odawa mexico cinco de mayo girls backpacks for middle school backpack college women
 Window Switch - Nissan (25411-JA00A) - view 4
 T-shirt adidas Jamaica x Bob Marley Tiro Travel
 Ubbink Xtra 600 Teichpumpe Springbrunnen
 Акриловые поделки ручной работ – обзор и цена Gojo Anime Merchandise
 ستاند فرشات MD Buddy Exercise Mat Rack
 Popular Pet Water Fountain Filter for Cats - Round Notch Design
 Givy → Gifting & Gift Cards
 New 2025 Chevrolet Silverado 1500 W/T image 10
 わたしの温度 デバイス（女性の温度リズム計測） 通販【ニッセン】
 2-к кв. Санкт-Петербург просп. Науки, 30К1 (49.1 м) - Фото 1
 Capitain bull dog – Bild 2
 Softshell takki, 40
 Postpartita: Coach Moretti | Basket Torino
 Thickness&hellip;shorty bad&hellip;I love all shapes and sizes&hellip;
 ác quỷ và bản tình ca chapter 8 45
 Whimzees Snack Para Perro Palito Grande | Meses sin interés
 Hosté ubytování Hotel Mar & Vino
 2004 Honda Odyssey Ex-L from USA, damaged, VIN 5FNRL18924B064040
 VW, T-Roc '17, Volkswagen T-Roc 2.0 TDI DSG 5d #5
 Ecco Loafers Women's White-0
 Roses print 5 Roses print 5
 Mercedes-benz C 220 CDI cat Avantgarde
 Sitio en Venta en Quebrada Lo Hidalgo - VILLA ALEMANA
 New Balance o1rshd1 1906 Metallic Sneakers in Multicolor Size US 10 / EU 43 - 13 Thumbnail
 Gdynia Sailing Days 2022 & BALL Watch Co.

+ + + + + + +

Return all the lines shown above, precisely as they stand.

Result for this task:
odawa mexico cinco de mayo girls backpacks for middle school backpack college women
 Window Switch - Nissan (25411-JA00A) - view 4
 T-shirt adidas Jamaica x Bob Marley Tiro Travel
 Ubbink Xtra 600 Teichpumpe Springbrunnen
 Акриловые поделки ручной работ – обзор и цена Gojo Anime Merchandise
 ستاند فرشات MD Buddy Exercise Mat Rack
 Popular Pet Water Fountain Filter for Cats - Round Notch Design
 Givy → Gifting & Gift Cards
 New 2025 Chevrolet Silverado 1500 W/T image 10
 わたしの温度 デバイス（女性の温度リズム計測） 通販【ニッセン】
 2-к кв. Санкт-Петербург просп. Науки, 30К1 (49.1 м) - Фото 1
 Capitain bull dog – Bild 2
 Softshell takki, 40
 Postpartita: Coach Moretti | Basket Torino
 Thickness&hellip;shorty bad&hellip;I love all shapes and sizes&hellip;
 ác quỷ và bản tình ca chapter 8 45
 Whimzees Snack Para Perro Palito Grande | Meses sin interés
 Hosté ubytování Hotel Mar & Vino
 2004 Honda Odyssey Ex-L from USA, damaged, VIN 5FNRL18924B064040
 VW, T-Roc '17, Volkswagen T-Roc 2.0 TDI DSG 5d #5
 Ecco Loafers Women's White-0
 Roses print 5 Roses print 5
 Mercedes-benz C 220 CDI cat Avantgarde
 Sitio en Venta en Quebrada Lo Hidalgo - VILLA ALEMANA
 New Balance o1rshd1 1906 Metallic Sneakers in Multicolor Size US 10 / EU 43 - 13 Thumbnail
 Gdynia Sailing Days 2022 & BALL Watch Co.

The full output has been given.